Am I FLoCed?

Google Chrome FLoC Trial: How to Identify You’re Being Tracked and Opt-Out of it

Vinoth Venkatesan
3 min readApr 20, 2021

Cookies are out, and Google FLoC is in

Photo by Tobias Tullius on Unsplash

Google Chrome has a new way to track you, in a method that the company called Federated Learning of Cohorts, or FLoC. The company has claimed that it is a better way to give advertisers what they want and leave some semblance of privacy to users. However, privacy advocates have since spoken out against it, and especially its automated imposition of FLoC trials upon a randomised selection of users. What’s particularly surprising to note is how Google has begun its preparations without any clear disclosure of the same, and FLoC trials for 0.5% of all Chrome users are now active alongside standard cookie tracking as well.

Why its a threat to you

To understand, FLoC claims that it will no longer allow websites across the internet from tracking you by inserting scripts that trace what you do on the internet. While that sounds great, things aren’t particularly all that simple. With FLoC, Google is essentially bringing more control of how user activity is tracked under its umbrella while not exactly benefitting users as much as it would want everyone to believe. Practically, FLoC reads your browsing activity and history, checks in on all the sites you have visited, and classifies them into compartments or ‘cohorts’.

As Google claims in the FLoC whitepaper, it will “anonymise” a user’s identity but still group your activity with similar ones of others — therefore reading as much of what you do and who you are as what they do already. Google claims that FLoCs will also respect “sensitive” cohorts by not sharing that piece of information with advertisers — such as a user searching for a medical condition or a specific aspect of their race. However, this information reviewed by Google is sensitive with its metric, and it does not leave the ability to deduce what’s sensitive and what’s not to users. Bodies such as EFF have raised this, among other points, defining how invasive and unbalanced FLoC is.

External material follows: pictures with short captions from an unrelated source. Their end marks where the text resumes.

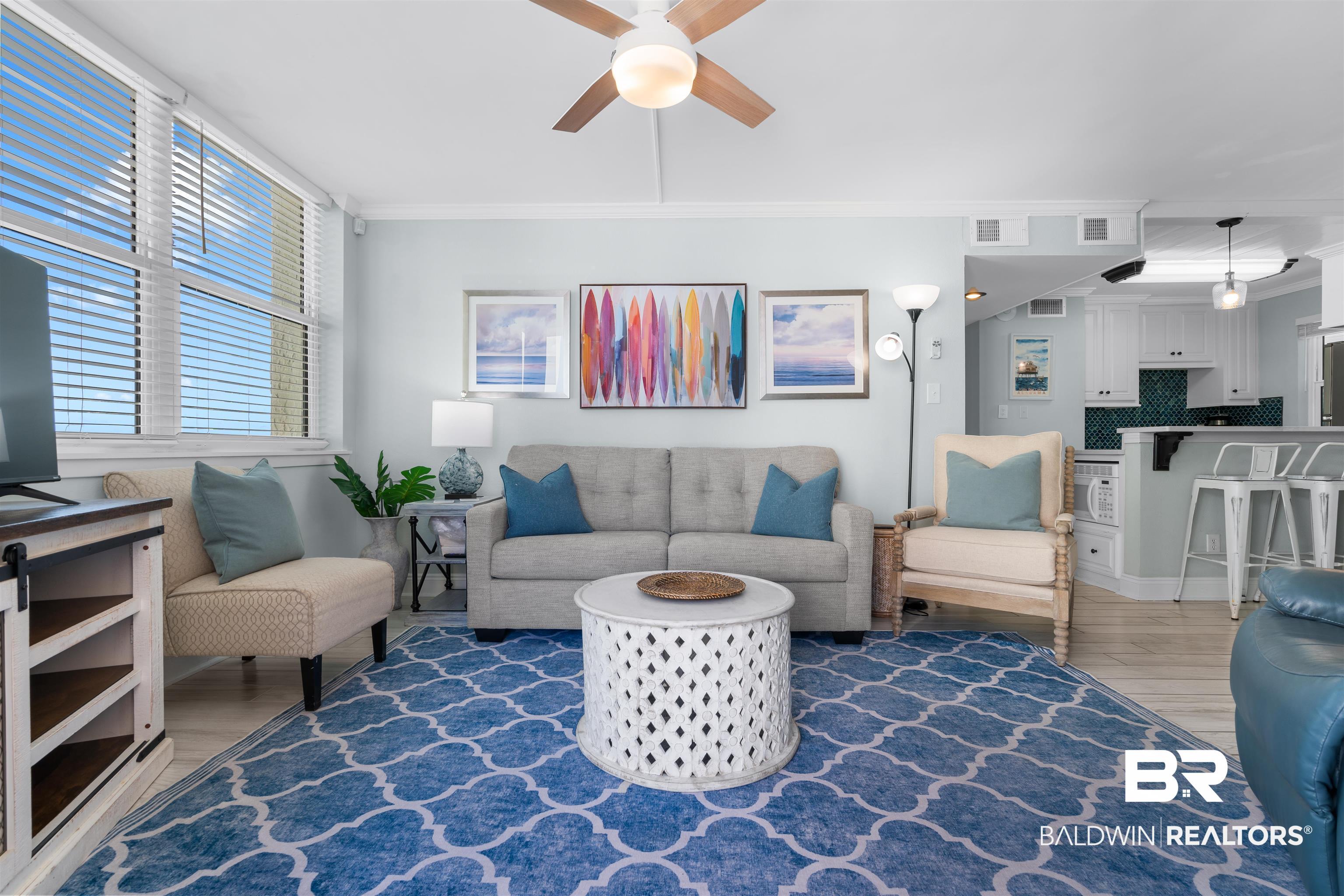 Image 4: Living area featuring light wood-style floors, a ceiling fan, and crown molding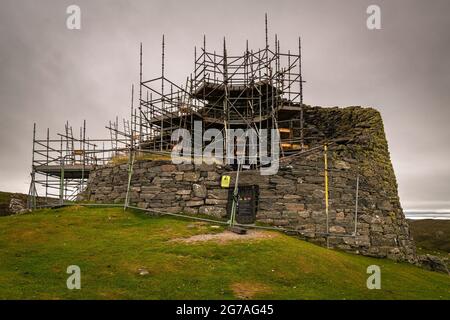 A 3 shot HDR image of Dun Carloway, Charlabhaigh, Broch, undergoing refurbishment of the eastern wall, Carloway, Isle of Lewis, Scotland. 23 June 2021 Stock Photo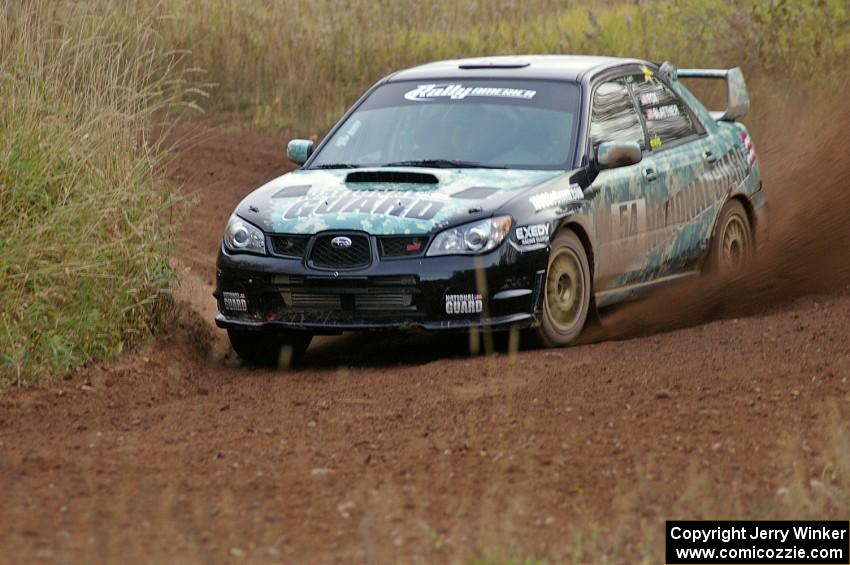 Mark Fox / Jake Blattner spray gravel at a sweeper on the practice stage in their Subaru WRX STi.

What you can do to protect yourself

To find out if Google Chrome has silently activated FLoC on your account, head to the EFF’s FLoC tracking site, which will tell you if Google has started the new tracking step for you or not. While Google claims that it will, in future, enable superior privacy sandbox controls built directly into Chrome, such controls are still not available — even in beta builds of Chrome.

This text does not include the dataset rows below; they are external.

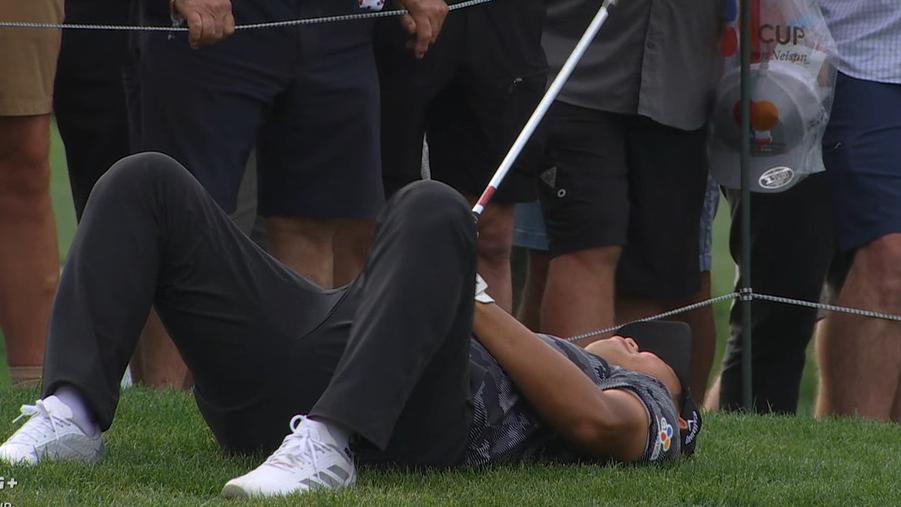 Si Woo Kim tumbles over in celebration after chipping in for eagle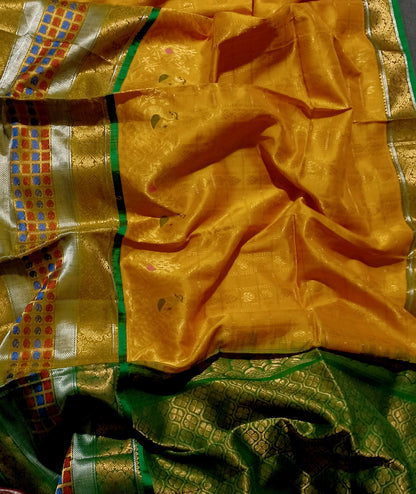 Mango yellow with green and zari woven big border Kanchi Kuppadam saree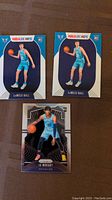Three rookie basketball cards displayed on brown surface: two LaMelo Ball NBA Hoops cards with teal Charlotte Hornets uniforms and one Ja Morant Panini Prizm card in light blue Memphis Grizzlies uniform.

If your account enabled with FloC, you could choose to use a more privacy-centric web browser, such as Mozilla Firefox. If you’re a Chrome enthusiast and want to continue using it, recommend installing the privacy first search engine DuckDuckGo’s FLoC browser plugin that automatically detects Google’s behavioural tracking and prevents it from tracking your online activities.

Also, test your browser to ensure the settings are precise to avoid tracking and fingerprinting your online activities. To block third-party trackers using cookies, fingerprinting, and other sneaky methods, install EFF’s browser extension, Privacy Badger, that supports leading web browsers like Chrome, Firefox, Edge & Opera.

Privacy Badger is a browser add-on that stops advertisers and other third-party trackers from secretly tracking where you go and what pages you look at on the web. If an advertiser seems to be tracking you across multiple websites without your permission, Privacy Badger automatically blocks that advertiser from loading any more content in your browser. To the advertiser, it’s like you suddenly disappeared.

Privacy is not an option, and it shouldn’t be the price we accept for just getting on the internet — Gary Kovacs.